Blog: Q&A with UCLA's new DC Chuck Bullough
Can Bruins defense bounce back after erratic 2008?
Can Bruins defense bounce back after erratic 2008?
On the Pac-10
Posted Apr 21, 2009

First-year UCLA defensive coordinator Chuck Bullough talks about succeeding DeWayne Walker, improved depth in the program and a trio of potential All-Americans.

As UCLA prepares for its spring game this Saturday night at the Rose Bowl, new defensive coordinator Chuck Bullough spoke with CFN following Monday's practice at Spaulding Field.

[on whether he feels pressure replacing former coordinator DeWayne Walker]
If you're thinking that way, you're in the wrong business. You got to go out and do the best you can do with the coaches you have. All you can worry about is the next day's practice, get better that next day.

[on any changes from Walker's approach]
Everybody has their own little tweaks, but it's still a very similar defense. We built this together but we've got a little more input from some of the coaches. A good coordinator listens to his coaches. You can't be a dictator because if they feel it's not their defense, they don't have ownership. Like I tell the players, you have to always have ownership in the team and the play. I trust and listen like Coach Walker used to listen to us.

[on whether coaches had to address conflict between the offense and defense last season]
No, because you have to be a team. It can't be offense, defense, special teams. As soon as you start separating, it's over. If you start saying it's the offense's or defense's (fault), you're finished.

[on having three potential All-American upperclassmen - tackle Brian Price, linebacker Reggie Carter and corner Alterraun Verner - to build around]
You've got a good solid older group, now we have some younger guys stepping into leadership roles. It looks like a team, high-fiving, having fun together and all that. It's always working itself out.

[on using Price at defensive end]
Price is a force. He can play any position he wants. Sometimes you put a big bull tackle on an offensive tackle, they are not used to it. It's a different animal and it can get them flustered a bit.

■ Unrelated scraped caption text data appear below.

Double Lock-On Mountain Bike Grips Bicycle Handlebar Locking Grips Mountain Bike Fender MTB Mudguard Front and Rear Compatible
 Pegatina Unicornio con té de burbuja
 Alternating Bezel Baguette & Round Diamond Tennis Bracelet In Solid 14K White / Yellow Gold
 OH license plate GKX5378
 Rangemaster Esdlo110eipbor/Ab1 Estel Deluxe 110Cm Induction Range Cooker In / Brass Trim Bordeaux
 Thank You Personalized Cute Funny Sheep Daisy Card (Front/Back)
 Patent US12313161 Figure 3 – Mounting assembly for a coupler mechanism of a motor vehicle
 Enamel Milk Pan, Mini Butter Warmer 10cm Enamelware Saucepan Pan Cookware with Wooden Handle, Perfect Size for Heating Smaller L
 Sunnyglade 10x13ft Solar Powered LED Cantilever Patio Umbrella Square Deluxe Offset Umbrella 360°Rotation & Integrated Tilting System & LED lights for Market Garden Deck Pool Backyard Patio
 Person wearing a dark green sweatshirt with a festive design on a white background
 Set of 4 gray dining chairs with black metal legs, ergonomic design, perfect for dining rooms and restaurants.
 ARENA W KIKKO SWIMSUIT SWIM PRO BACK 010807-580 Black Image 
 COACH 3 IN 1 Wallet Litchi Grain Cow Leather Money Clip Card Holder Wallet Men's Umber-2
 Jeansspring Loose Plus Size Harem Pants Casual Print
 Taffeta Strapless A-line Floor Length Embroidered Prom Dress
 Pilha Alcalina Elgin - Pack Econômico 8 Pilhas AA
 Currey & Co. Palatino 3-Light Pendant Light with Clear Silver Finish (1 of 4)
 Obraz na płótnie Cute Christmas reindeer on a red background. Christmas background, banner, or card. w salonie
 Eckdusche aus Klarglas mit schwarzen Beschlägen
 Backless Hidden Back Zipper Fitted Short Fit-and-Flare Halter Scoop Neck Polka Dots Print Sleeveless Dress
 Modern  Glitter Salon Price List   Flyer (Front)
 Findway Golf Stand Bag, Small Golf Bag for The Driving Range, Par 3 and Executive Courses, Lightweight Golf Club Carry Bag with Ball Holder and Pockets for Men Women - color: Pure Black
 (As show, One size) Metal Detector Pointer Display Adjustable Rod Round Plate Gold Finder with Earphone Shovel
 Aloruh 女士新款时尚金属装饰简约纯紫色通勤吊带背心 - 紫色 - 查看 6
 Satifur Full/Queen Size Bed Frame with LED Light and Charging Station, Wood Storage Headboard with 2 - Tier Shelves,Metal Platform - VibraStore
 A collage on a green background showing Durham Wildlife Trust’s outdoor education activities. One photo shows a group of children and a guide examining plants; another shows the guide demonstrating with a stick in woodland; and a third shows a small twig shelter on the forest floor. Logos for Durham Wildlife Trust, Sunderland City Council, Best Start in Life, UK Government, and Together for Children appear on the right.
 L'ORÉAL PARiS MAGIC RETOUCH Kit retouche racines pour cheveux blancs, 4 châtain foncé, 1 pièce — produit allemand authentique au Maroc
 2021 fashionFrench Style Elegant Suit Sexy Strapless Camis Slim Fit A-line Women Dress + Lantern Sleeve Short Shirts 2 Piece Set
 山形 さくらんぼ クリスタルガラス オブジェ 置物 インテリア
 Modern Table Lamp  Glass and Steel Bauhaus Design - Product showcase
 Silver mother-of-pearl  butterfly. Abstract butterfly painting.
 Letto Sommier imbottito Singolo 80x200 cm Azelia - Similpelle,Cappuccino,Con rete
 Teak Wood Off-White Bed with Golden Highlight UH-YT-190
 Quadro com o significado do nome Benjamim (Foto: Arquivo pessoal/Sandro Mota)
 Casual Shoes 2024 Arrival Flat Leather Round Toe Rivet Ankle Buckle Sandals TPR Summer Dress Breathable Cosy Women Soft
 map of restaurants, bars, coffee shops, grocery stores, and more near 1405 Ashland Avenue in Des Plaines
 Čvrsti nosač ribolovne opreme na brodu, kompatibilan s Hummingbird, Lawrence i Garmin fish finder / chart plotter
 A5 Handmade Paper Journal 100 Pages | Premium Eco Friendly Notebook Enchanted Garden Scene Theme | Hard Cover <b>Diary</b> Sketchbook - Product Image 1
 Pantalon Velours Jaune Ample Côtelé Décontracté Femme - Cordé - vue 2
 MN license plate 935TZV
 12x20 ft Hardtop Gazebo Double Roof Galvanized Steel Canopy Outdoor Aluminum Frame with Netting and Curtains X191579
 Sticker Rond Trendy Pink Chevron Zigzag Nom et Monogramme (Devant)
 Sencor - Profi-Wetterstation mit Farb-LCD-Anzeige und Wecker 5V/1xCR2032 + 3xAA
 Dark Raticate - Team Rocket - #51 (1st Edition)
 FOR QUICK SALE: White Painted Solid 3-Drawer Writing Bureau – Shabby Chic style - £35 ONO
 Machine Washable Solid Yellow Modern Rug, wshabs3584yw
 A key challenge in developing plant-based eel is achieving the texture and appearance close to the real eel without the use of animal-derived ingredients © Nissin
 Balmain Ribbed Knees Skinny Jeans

[on the impact redshirt freshmen like safety E.J. Woods and linebacker Patrick Larimore can have this season]
That is a question that remains to be seen. Eleven practices is enough to get a little glimpse, but it's not enough to hang your hat on. You got all kind of guys where this has been the groundbreaking, now you have to see how they come back in the fall. You'll see flashes, but can they do it every play?